The expected output is exactly the lines below, starting at the line with "Billionaire Boys Club" and ending at the line with "1 Elementos básicos", both included; no other line belongs in it.

## DATA SUPPLIED
▽
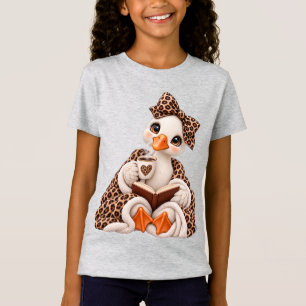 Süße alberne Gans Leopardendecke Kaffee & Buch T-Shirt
△
▽
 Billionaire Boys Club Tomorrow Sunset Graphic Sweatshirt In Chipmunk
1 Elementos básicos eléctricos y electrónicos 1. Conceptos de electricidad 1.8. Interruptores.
△
## ANSWER BELOW
 Billionaire Boys Club Tomorrow Sunset Graphic Sweatshirt In Chipmunk
1 Elementos básicos eléctricos y electrónicos 1. Conceptos de electricidad 1.8. Interruptores.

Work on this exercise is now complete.